As with older fitness bands, this is most useful for triaging notifications and passively tracking basic metrics. “Oh, what’s this buzz? Brad emailed. Brad can wait.” (You can also choose which apps ping you.) Besides, you’ll need to pull out your phone to take calls or view your data anyway.

If you want to be more present, going low-tech can be a useful tool

Because its only screen is tiny and grayscale, the battery lasts weeks at a time. If you’re mostly using this as an analog watch, those gains multiply. Seriously, I wore each for weeks.
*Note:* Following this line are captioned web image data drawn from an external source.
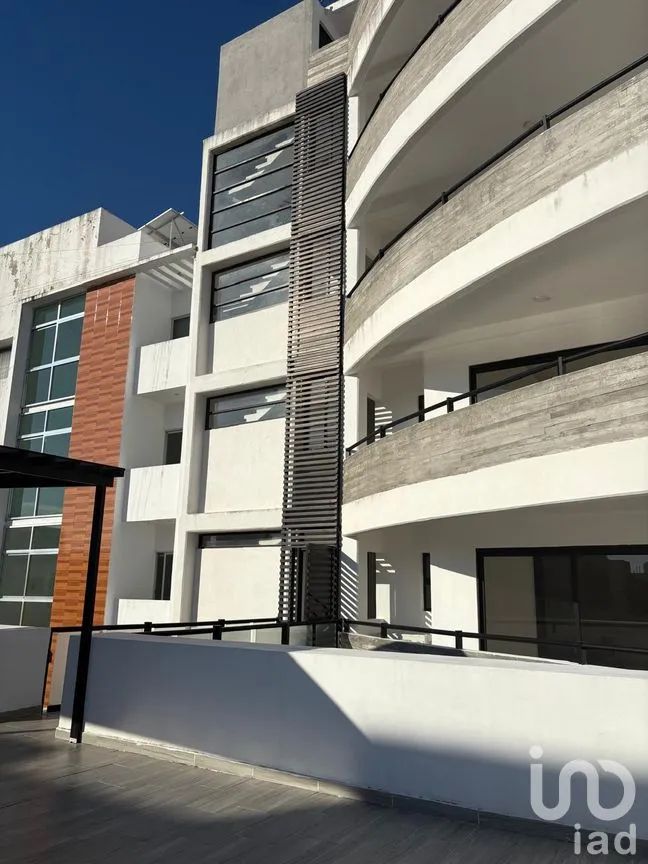 Departamento en Venta en Jardines de Mocambo, Boca del Río, Veracruz de Ignacio de la Llave | NEX-262901 | iad México | Foto 6 de 29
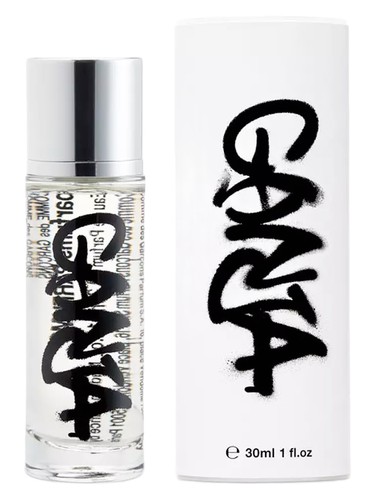 Ganja by Comme des Garcons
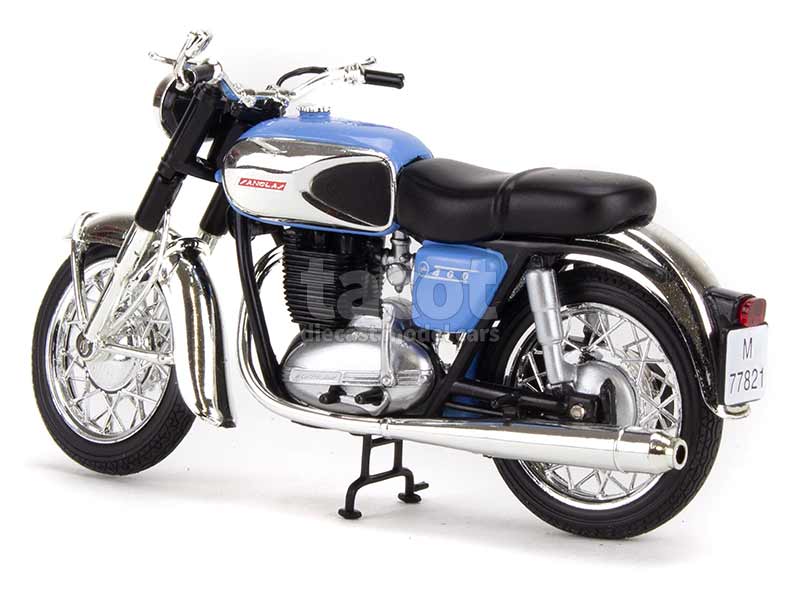 91334 Divers Sanglas 400T 1966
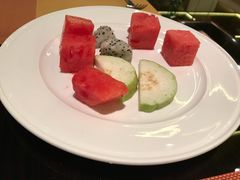 -大中华希尔顿酒店-念自助餐·嗨啤·小龙虾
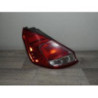 Feu arriere principal gauche (feux) FORD FIESTA 6 PHASE 2 d’occasion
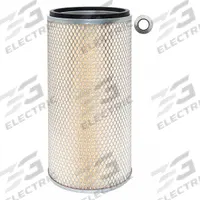 BALDWIN FILTERS Automotive Air Filter: Round-Oval, Engine, Round, Axial Seal, 7/8 in Inside Dia (MPN PA1904). Key specifications — Brand: BALDWIN FILTERS; Compatible Vehicle Make: Drott; Baldwin Interchange: PA1904.
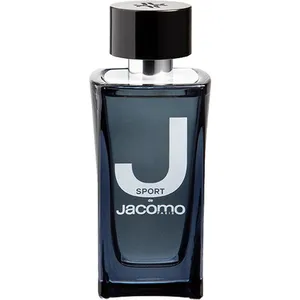 Jacomo J Sport perfume bottle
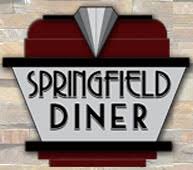 Springfield Diner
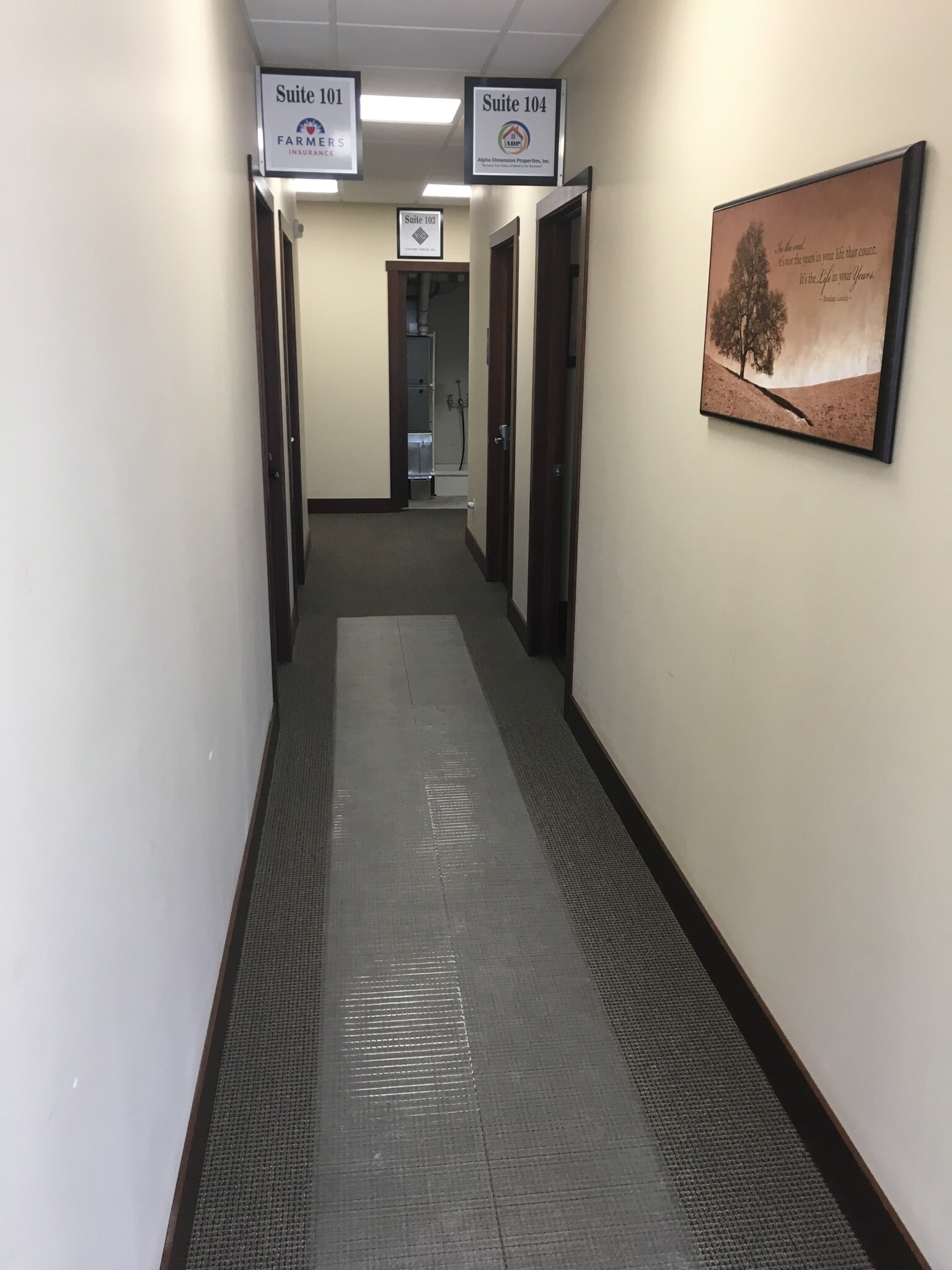 10303-10329 Washington St, Thornton, CO à louer Photo intérieure- Image 1 de 4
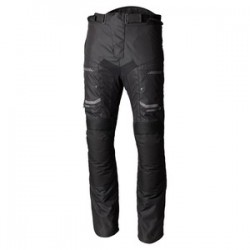 Pantalon RST Maverick EVO CE femme - Noir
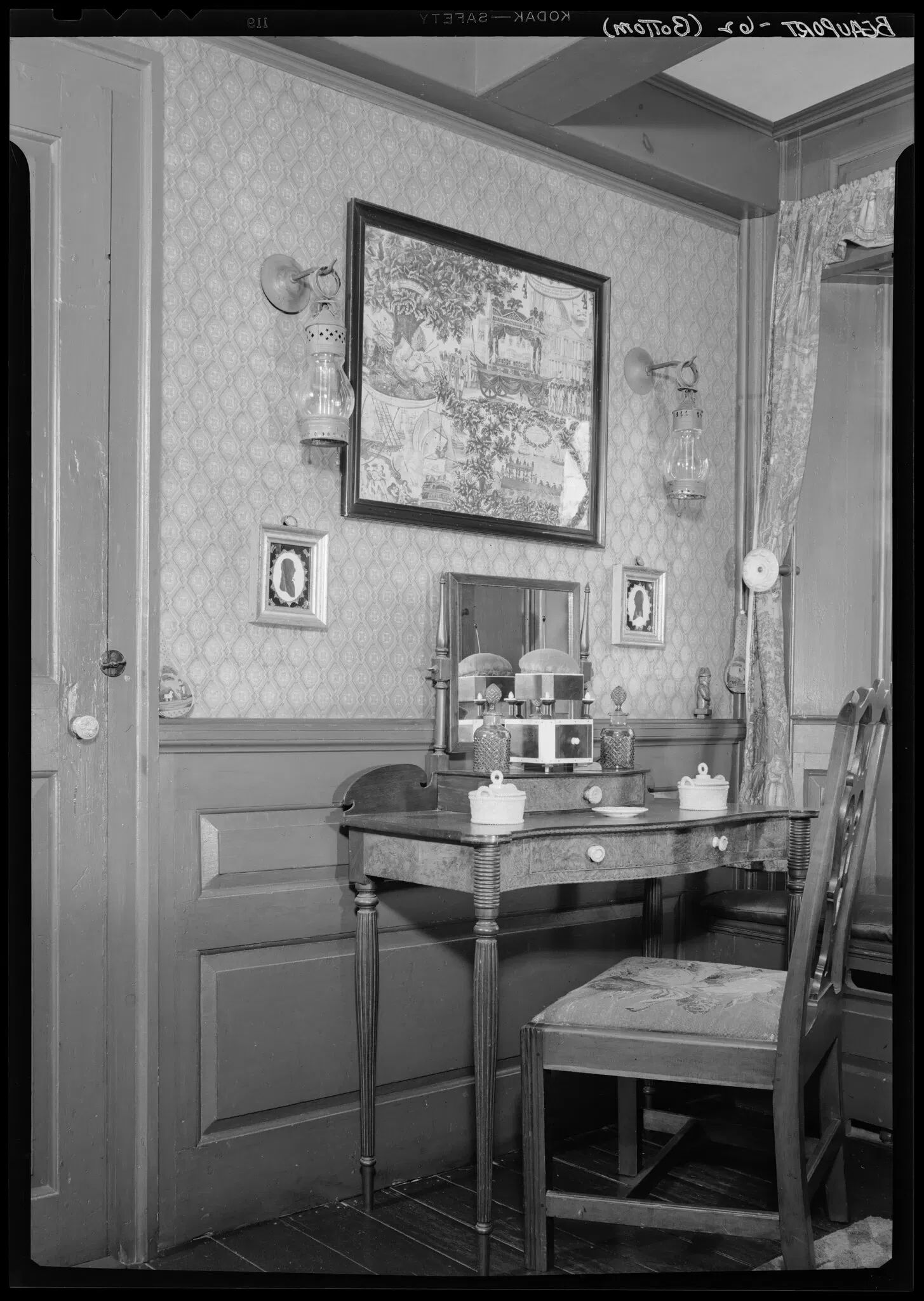 Sleeper-McCann House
Withings estimates you get about 30 days on a single charge, though I got around 21 to 25 due to heavier usage for testing. I took the ScanWatch 2 on a weeklong business trip, left the charger at home, and it was all good.

The only problem is you might lose the charger because you rarely need it. When I moved, the ScanWatch 2’s charger disappeared into the same interdimensional portal that gobbles up all my left socks. You can buy replacements, but unlike other gadgets, all smartwatch makers have their own proprietary chargers. That means replacements can get pricey ($24.95, in this case). And the two watches don’t even use the same proprietary charger. I tried seeing if the Light’s charger would work, but it doesn’t. So if you and a family member both use Withings but have different watches, you won’t be able to share.